The Data Collection Subproject will trace, locate, and re-interview respondents who participated in Wave I of Add Health (the National Longitudinal Study of Adolescent Health) during the period 2014-17, representing a Wave V follow-up of a nationally representative sample of over 20,000 individuals who were adolescents in 1994-95 and who will have been followed for 20 years. At Wave V the Add Health cohort will be aged 30-41. We propose to collect longitudinal survey data on the social, economic, psychological, and health circumstances of our respondents; longitudinal geographic data on their social and physical environments; new administrative data from birth records linkage; and longitudinal and new biological data and specimens for estimating key anthropometric, cardiovascular, metabolic, inflammatory, renal and pharmacoepidemiologic measures. When Wave V data are combined with existing longitudinal data. Add Health will be the most complete data resource to trace the additive and interactive social, biological, genetic, and behavioral precursors of adult health and disease that occur during gestation, childhood, adolescence, the transition to early adulthood, young adulthood, and across generations. Several features of the proposed data collection represent new innovations in Add Health, including a mixed-mode survey design, administrative records linkage, continuous field interviewing over 36 months, and clinical-standard biospecimen collection and lab assay measurement.
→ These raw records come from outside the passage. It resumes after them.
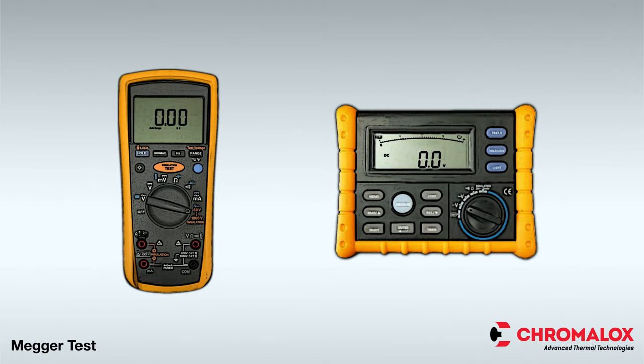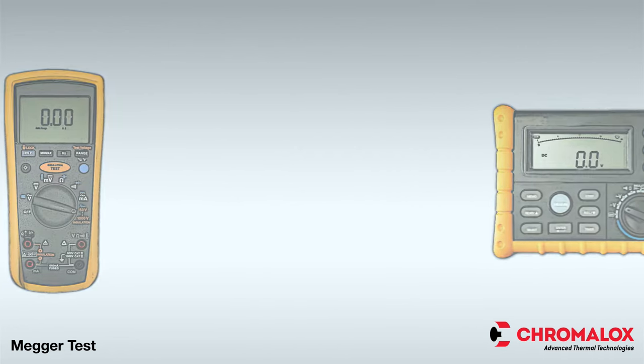In order to perform a MEGAR test, you will need an insulation resistance tester, also known as a MEGAR. The MEGAR should be a minimum of 1000 volts DC, but using a 2500 volts DC MEGAR is best. If possible, use a battery operated MEGAR; however, a digital or analog MEGAR will work as well.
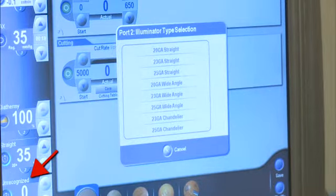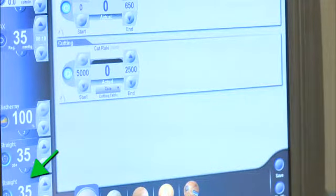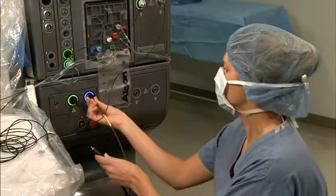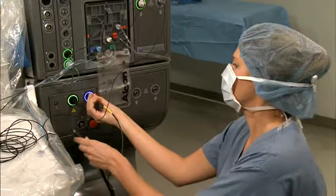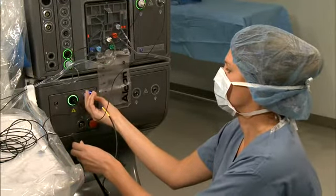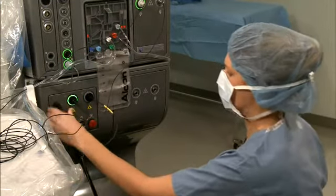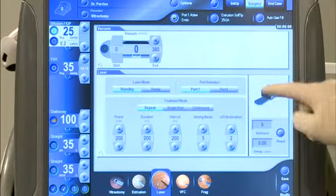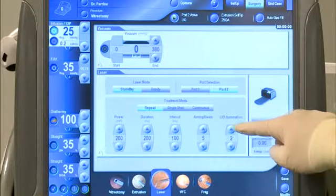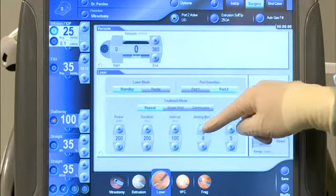In order for the Constellation system to recognize the illumination connector, select the appropriate illuminator type from the illumination type selection screen. The illuminator can now be turned on by pressing the appropriate illuminator button. To use the LIO, screw in the connector to the other laser port. The ring around the connection will not illuminate. Push in the white light connector of the LIO in the receptacle to the left of the laser ports. Select LIO by pressing Port 2 on the laser surgery screen. Laser parameters can be adjusted in the same manner as the endoprobe.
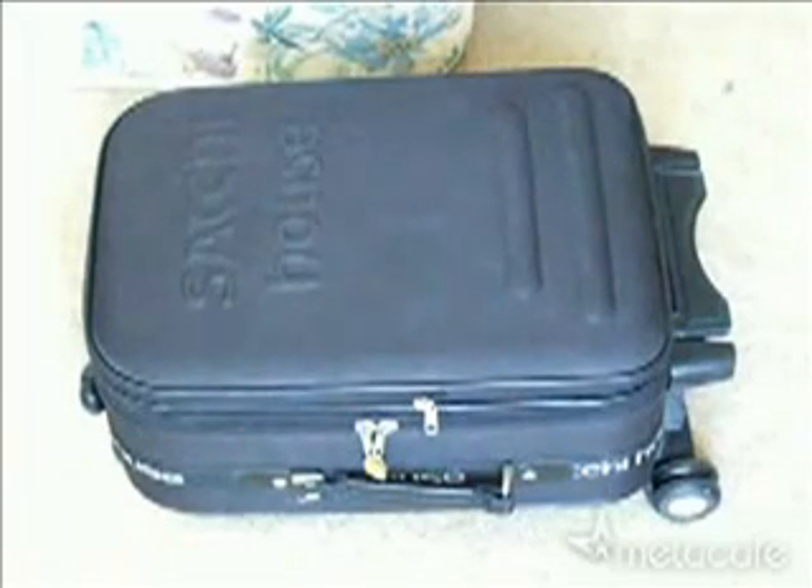Hi! If you're planning a trip and once you get to your destination you happen to forget the key of your lock that locks your luggage, or perhaps you lost the key, one way to have access to all your things, clothing and whatnot inside the luggage, is a simple trick that I'm going to teach you.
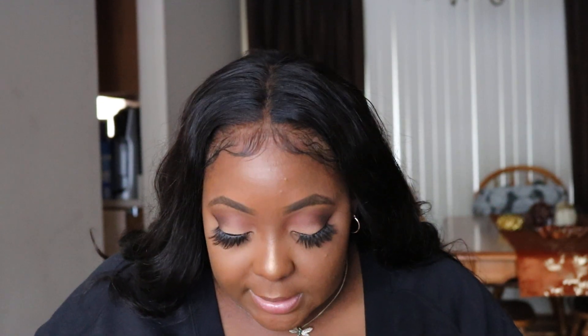Hey YouTube, it's your girl Dominique and I'm back again for my third video. It's recording day! I'm back with another purse reveal and review. I purchased one more purse from Coach.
These innovations will serve as a model for pioneering new methods to follow respondents in panel studies such as Add Health.
The specific aims for the Wave V data collection are to: 1. Trace, locate, and conduct panel maintenance of respondents who participated in Wave I of Add Health to update current contact information and obtain email addresses for the Wave V mixed-mode interview design. 2. Develop and pre-test: a) Web, mail, telephone and in-person survey instruments to be administered using a multifaceted multimode design; b) protocols for the collection of biological data and specimens; c) procedures to collect and geocode spatial data; and d) consent forms for the collection of birth records of Add Health cohort members and their biological children. 3. Conduct a Wave V interview with original Wave I Add Health respondents during which the following are collected: survey data reflecting both longitudinal and new information; longitudinal and new biological data and specimens; geographic locations for longitudinal spatial data; and consent to obtain birth records of Add Health respondents and their biological children. Our goal is an 80% re-interview rate. 4. Serve as the core data resource for this program project renewal, providing data for program investigators to carry out their proposed research and for the entire scientific community of more than 10,000 current and future Add Health public users.
The Data Collection Subproject employs new innovations to follow up the national Add Health cohort with a fifth interview wave and biomarker collection to create an unparalleled data resource with multilevel, life course data from preconception to the fourth decade of life. These data will be shared with the multi-disciplinary scientific community of more than 10,000 Add Health researchers for investigation of the social, behavioral, and biological processes that operate in pre-disease pathways into adulthood. Findings of the early life precursors of chronic disease will inform public health policies and interventions aimed at reducing chronic disease prevalence, disparities, and costs in America.